Une petite Suzuki bleue s'arrête sur l'allée en ciment. Assis sur le siège passager, Olivier Corel laisse la porte entrouverte, puis se décide à sortir, vite imité par sa femme. "L'émir blanc" n'a pas le "regard de fou" que certains villageois lui prêtent. L'air hagard et fatigué, ce vieil homme de 69 ans a été interpellé, la veille au matin, au cours d'une vaste opération de police qui a verrouillé le secteur et bloqué la route sur deux kilomètres.

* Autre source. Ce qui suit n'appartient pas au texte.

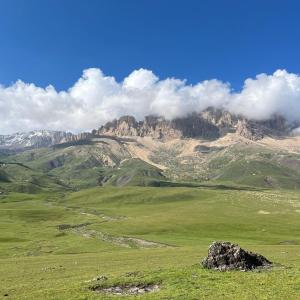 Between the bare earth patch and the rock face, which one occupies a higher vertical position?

La perquisition n'a rien donné, ou presque. Le tribunal de Foix (Ariège) l'a condamné, mercredi 25 novembre, à six mois de prison avec sursis, pour détention illégale d'un fusil de chasse. Olivier Corel refuse de commenter la décision – "La justice s'est prononcée, c'est tout !" – et s'engouffre vite dans sa maison. Face au tribunal, il a expliqué qu'il se servait de l'arme pour tirer sur les lapins qui mangent ses salades. Il aurait découvert l'arme en emménageant dans le hameau de Lanes, en 1986, situé en amont d'Artigat, 600 habitants."Tout ça pour ça", soupire un habitant, au bistrot. "Tous les chasseurs ont un fusil, ici. "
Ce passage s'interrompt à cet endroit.